Computer vision, the automatic recognition and description of documents, images, and videos, has far-reaching applications, from identifying defects in high-speed assembly lines, to intelligently automating document processing workflows, and identifying products and people in social media. AWS computer vision services, including Amazon Lookout for Vision, AWS Panorama, Amazon Rekognition, and Amazon Textract, help developers automate image, video, and text analysis without requiring machine learning (ML) experience. As a result, you can implement solutions faster and decrease your time to value.
As customers continue to expand their use of computer vision, we have been investing in all of our services to make them easier to apply to use cases, easier to implement with fewer data requirements, and more cost-effective. Recently, AWS was named a Leader in the IDC MarketScape: Asia/Pacific (Excluding Japan) Vision AI Software Platform 2021 Vendor Assessment (Doc # AP47490521, October 2021). The IDC MarketScape evaluated our product functionality, service delivery, research and innovation strategy, and more for three vision AI use cases: productivity, end-user experience, and decision recommendation. They found that our offerings have a product-market fit for all three use cases. The IDC MarketScape recommends that computer vision decision-makers consider AWS for Vision AI services when you need to centrally plan vision AI capabilities in a large-scope initiative, such as digital transformation (DX), or want flexible ways to control costs.

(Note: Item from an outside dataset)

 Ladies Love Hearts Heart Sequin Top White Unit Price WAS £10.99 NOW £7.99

“Vision AI is one of the emerging technology markets,” says Christopher Lee Marshall, Associate Vice President, Artificial Intelligent and Analytics Strategies at IDC Asia Pacific. “AWS is placed in the Leader’s Category in IDC MarketScape: Asia/Pacific (Excluding Japan) Vision AI Software Platform 2021 Vendor Assessment. It’s critical to watch the major vendors and more mature market solutions, as the early movers tend to consolidate their strengths with greater access to training data, more iterations of algorithm variations, deeper understanding of the operational contexts, and more systematic approaches to work with solution partners in the ecosystem.”

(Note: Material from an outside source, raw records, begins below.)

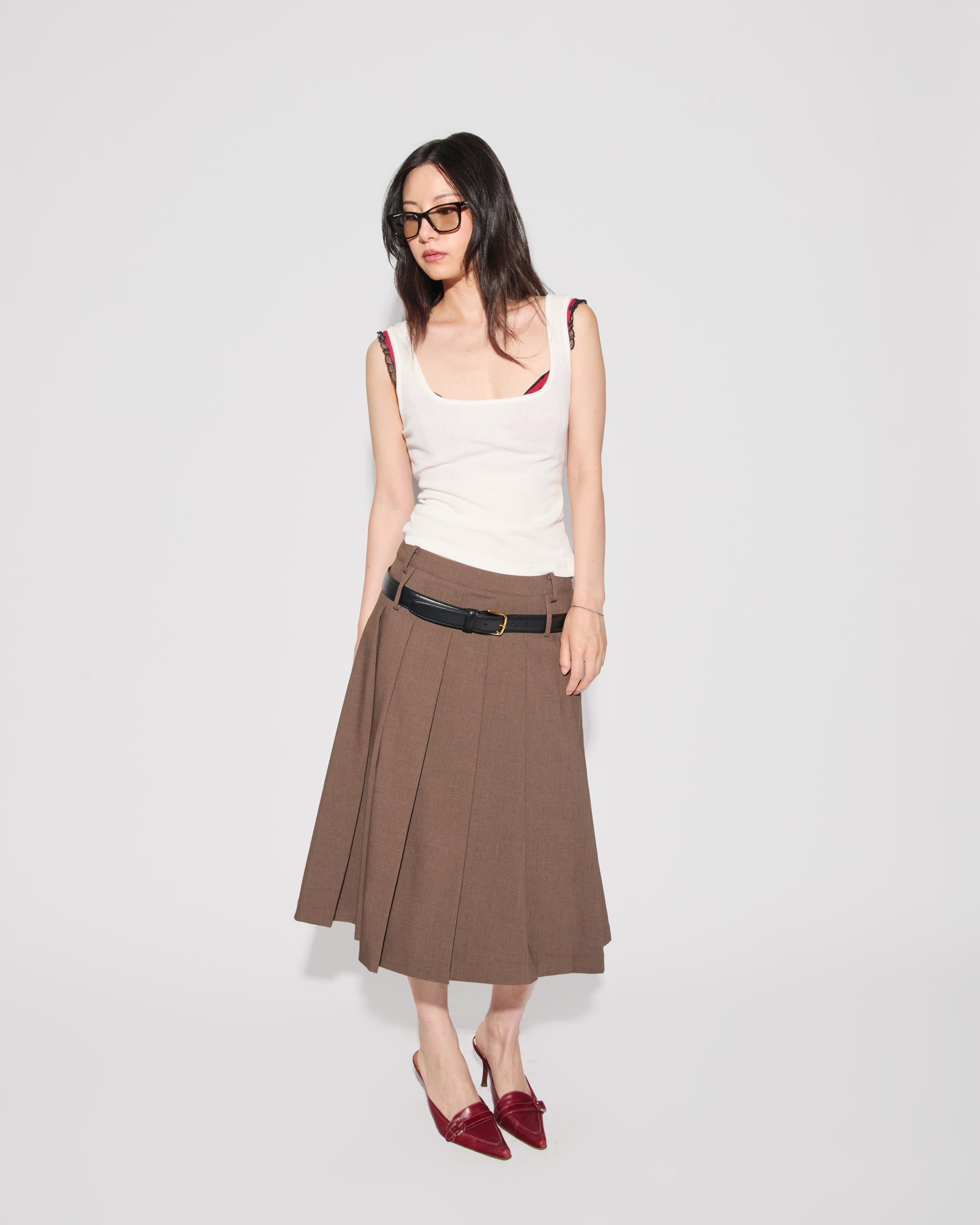 Side Zipper Pleated Skirt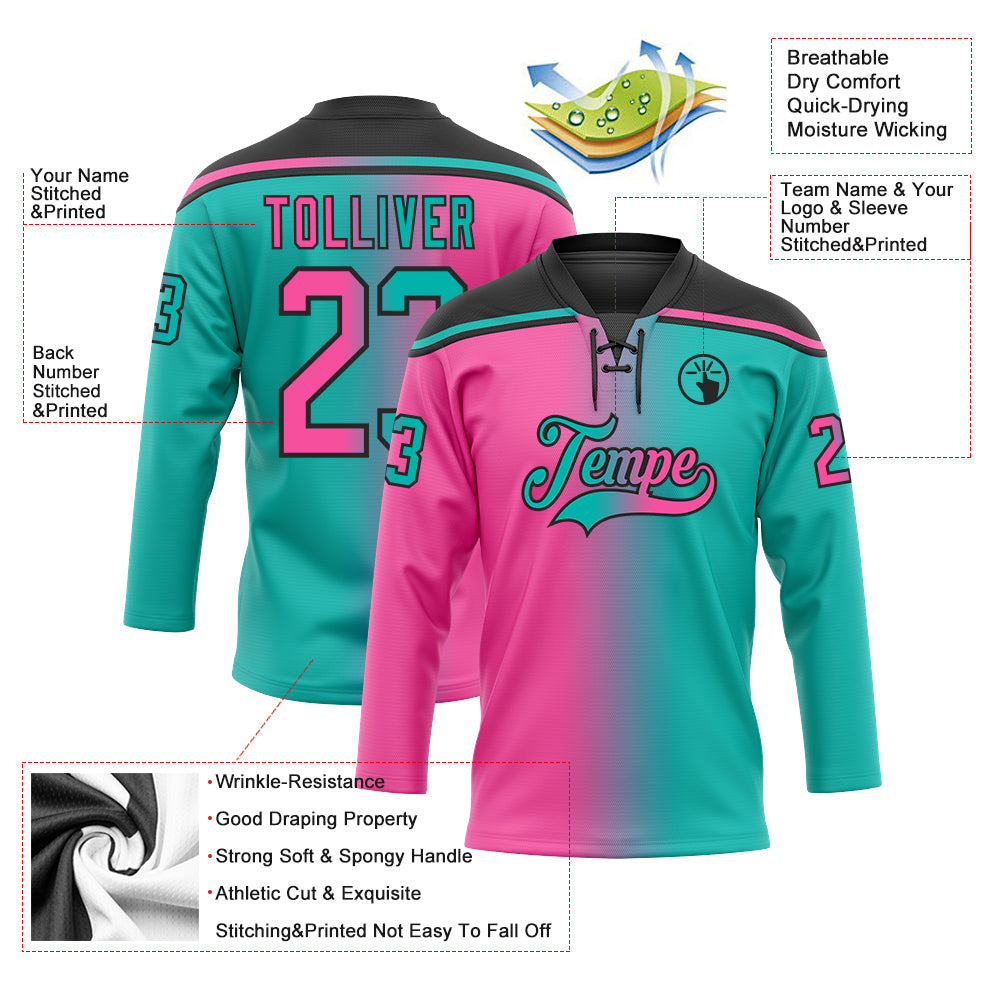 Custom Aqua Pink-Black Gradient Fashion Hockey Lace Neck Jersey view 5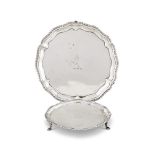 A GEORGE III SILVER SHAPED CIRCULAR SALVER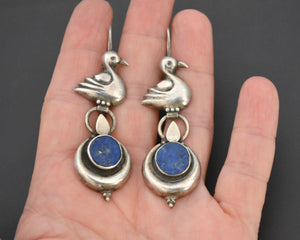 Indian Lapis Lazuli Swan Earrings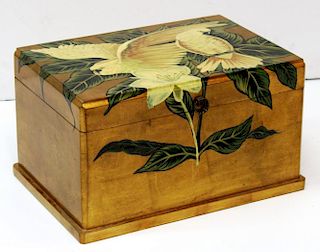 Large Gilt & Hand-Painted "Cockatoo" Box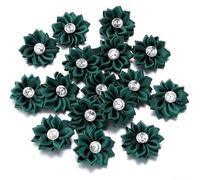 30Pcs/lot Mini Satin Ribbon Flowers 4cm Multicolor Rhinestones Handmade Flower For DIY Hair Clip Clothing Decoration Accessories(Color 22)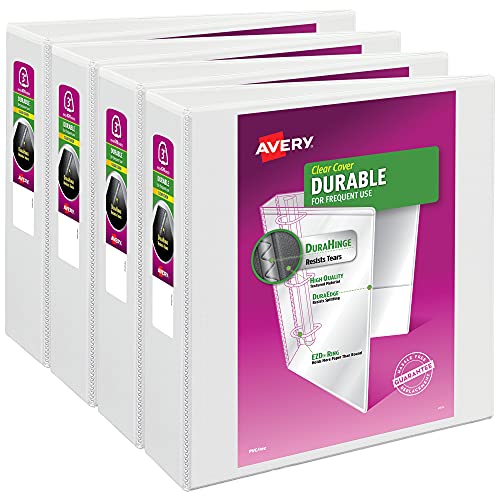 Avery Durable Clear View 3 Ring Binders, 3 Inch Binder Rings, 4 White Binders (09203)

A key service of focus in the report was Amazon Rekognition. We’re excited to announce several enhancements to make Amazon Rekognition more cost-effective, more accurate, and easier to implement. First, we’re lowering prices for image APIs. Next, we’re enriching Amazon Rekognition with new features for content moderation, text-in-image analysis, and automated machine learning (AutoML). The new capabilities enable more accurate content moderation workflows, optical character recognition for a broader range of scenarios, and simplified training and deployment of custom computer vision models.
These latest announcements add to the Amazon Textract innovations we introduced recently, where we added TIFF file support, lowered the latency of asynchronous operations by 50%, and reduced prices by up to 32% in eight AWS Regions. The Amazon Textract innovations make it easier, faster, and less expensive to process documents at scale using computer vision on AWS.

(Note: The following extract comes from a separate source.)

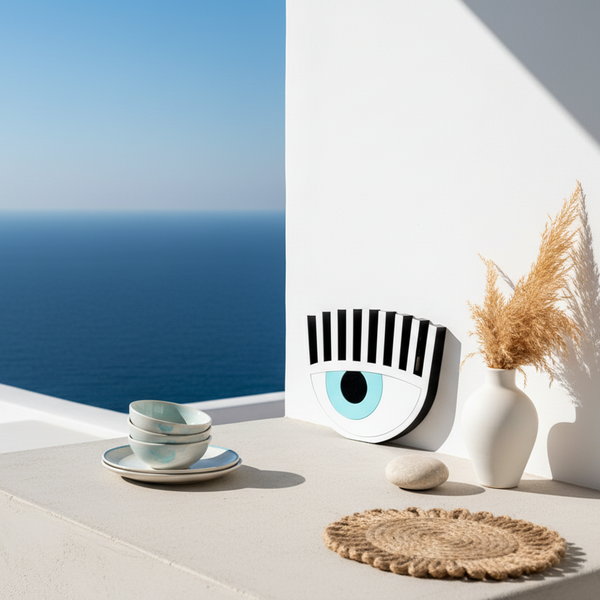 Handmade white plexiglass evil eye table charm with lashes on neutral background – So Cute by Dimi.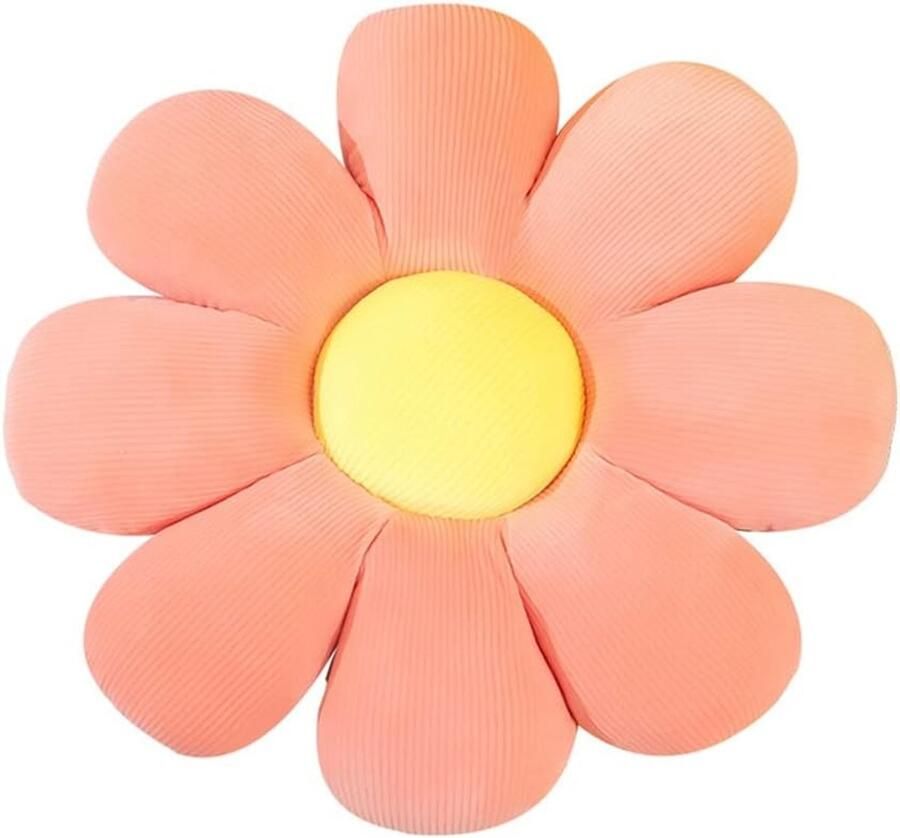 Allecto plus Pluche bloemvormig kussen 40 cm Zonnebloem design Tatami vloerkussen Sofakussen Roze Geschikt voor woonkamer bank slaapkamer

Let’s dive deeper into the Amazon Rekognition announcements and product improvements.
Up to 38% price reduction for Amazon Rekognition Image APIs
We want to help you get a better return on investment for computer vision workflows. Therefore, we’re lowering the price for all Amazon Rekognition Image APIs by up to 38%. This price reduction applies to all 14 Regions where the Amazon Rekognition service endpoints are available.
We offer four pricing tiers based on usage volume for Amazon Rekognition Image APIs today: up to 1 million, 1 – 10M, 10 – 100M, and above 100M images processed per month. The price points for these tiers are $0.001, $0.0008, $0.0006, and $0.0004 per image. With this price reduction, we lowered the API volumes that unlock lower prices:
- We lowered the threshold from 10 million images per month to 5 million images per month for Tier 2. As a result, you can now benefit from a lower Tier 3 price of $0.0006 per image after 5 million images.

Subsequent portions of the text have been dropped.